Good Enough to Wait For

Almost everyone has an opinion on how quickly Windows 2000 will make inroads into different parts of corporate America. The analyst firm GartnerGroup has its well-researched beliefs, and during a three-day conference held earlier this month in Southern California, it made its point rather clear.

GartnerGroup holds a decidedly conservative view on the adoption of Windows 2000. The firm’s analysts uniformly advise users to wait for the release after Windows 2000 before implementing it. In addition, GartnerGroup believes corporate users had better prepare themselves for changes in how they deal with Microsoft. Changes most large users probably won't like.

There's nothing wrong with being skeptical, particularly when it has to do with Microsoft and the quality, delivery and reliability of its products. Microsoft has not proven itself to be a large company's most reliable supplier of on-time, stable reliable products, especially with respect to an upgrade the magnitude of the Windows 2000 project.

Given its focus on the ultra-high end of the market, the advice offered by GartnerGroup's analysts makes sense.

A few key points that came out of the event are worth summarizing.

  • Think of Microsoft as a vendor that is shooting to make its products "good enough" to satisfy the sweet spot in the market -- the 80 percent majority. If you are part of the remaining 20 percent that wants, expects or needs the best, Microsoft is not, and probably will never be, your key vendor. Given Microsoft's high-volume, low-price business model, there's little financial incentive to invest the significant effort required to improve a product enough to capture that last 20 percent of the market.

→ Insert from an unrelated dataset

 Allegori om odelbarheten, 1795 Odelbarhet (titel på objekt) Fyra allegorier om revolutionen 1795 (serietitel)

GartnerGroup observes that the only thing Microsoft could gain is a few of the industry's most demanding users, but the effort to satisfy these users won't translate into a major revenue stream for Microsoft. The cost justification just isn't there for Microsoft. Given that assumption, it's easier to understand why Microsoft's interest remains in addressing the largest and most lucrative market sectors.

  • Expect Microsoft to continue to drive its licensing model ahead with increasingly less favorable terms. GartnerGroup expects this change to happen in a subtle way. List prices will appear to remain relatively constant, or even decrease, but the company will seal all of the licensing loopholes that may have existed in the past. At the extreme far end of this trend is what GartnerGroup projects will be the end of perpetual licensing, replaced by an "annual" licensing scheme. Not a pleasant thought.

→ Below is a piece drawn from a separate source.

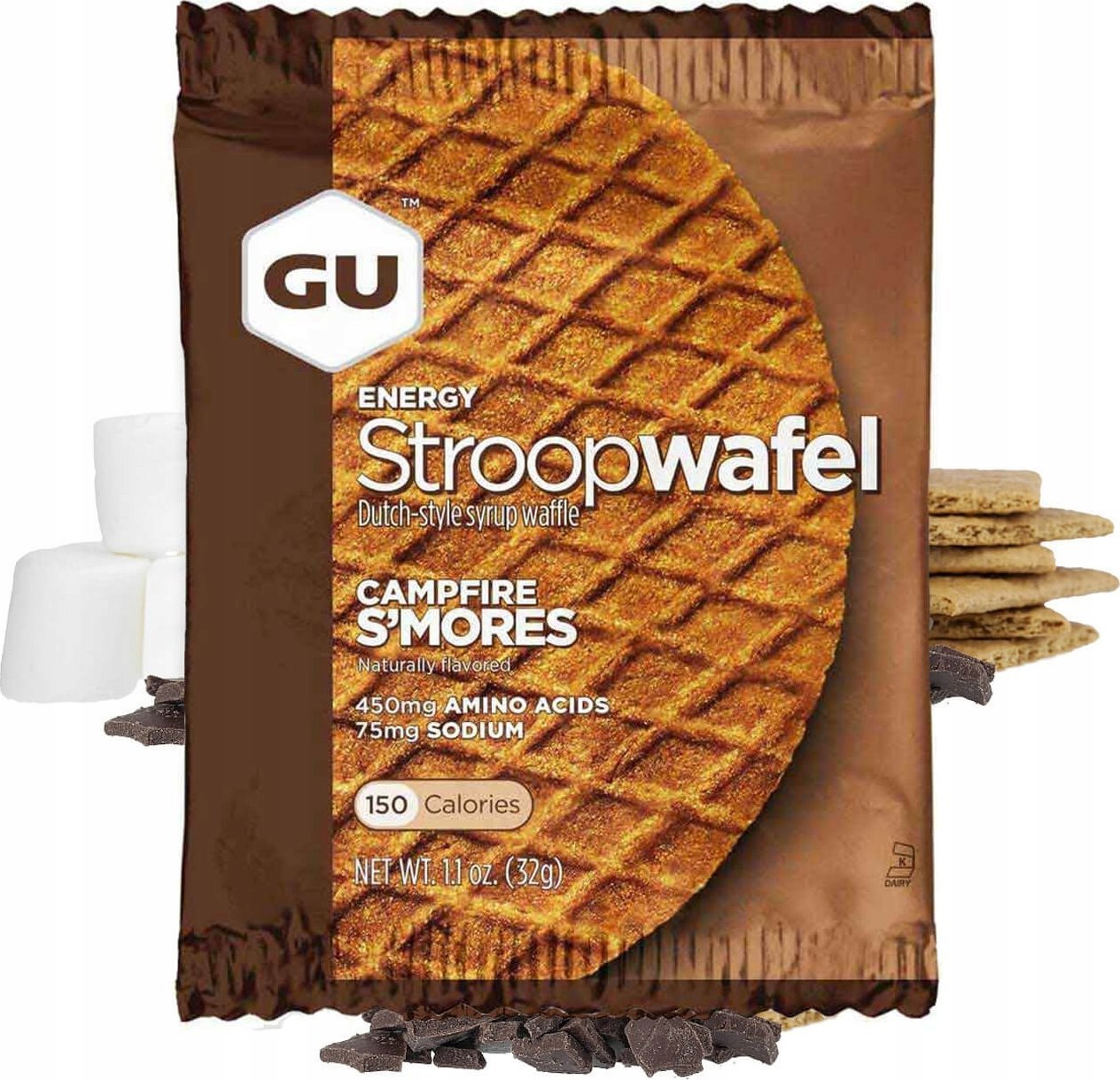GU Energy Stroopwaffle Campfire S'mores (24/11)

"Not possible," you say? Consider what happened to such licensing benefits as the concurrent licensing of Office and the ability to run a copy of your corporate licensed-version of Office on your home system.

  • GartnerGroup analysts repeatedly encouraged users to get Windows 2000 Beta 3, play with it, integrate it into your test networks and start planning for domain consolidation. They cautioned, however, not to make plans for actual deployment until at least 2001, when GartnerGroup projects the follow-on to Windows 2000 to make its debut.

In an ideal world, this kind of conservative, phased approach makes good business sense. But we don't live in an ideal world where competitive pressures and application software dependencies will wait for GartnerGroup's schedule. Following GartnerGroup guidelines will prove hard, if not impossible, for most large organizations.

A more likely scenario is that users will delay deployment of Windows 2000 aboard mission critical application servers as long as is practical. But more mundane print and file servers, and possibly Exchange or Notes servers, will be converted as business needs call, or when new machines arrive with Windows 2000 preinstalled. On the desktop, Windows 2000 is likely to appear even sooner.

Most Windows NT shops can expect to face managing a heterogeneous Windows environment -- one that includes Windows 9x, Windows NT and Windows 2000 -- for a long time to come. The sooner you put the tools in place to manage such a heterogeneous environment, the less you'll need to worry about when a given machine migrates. You will be in a better position to orchestrate a controlled, predictable migration.

As for the licensing issues, assuming GartnerGroup is right on this prediction, the time to tell Microsoft how you feel about its terms is today. Will Microsoft make the mistake of giving its customer base a financial incentive to consider alternatives like Linux on the client? Time will tell.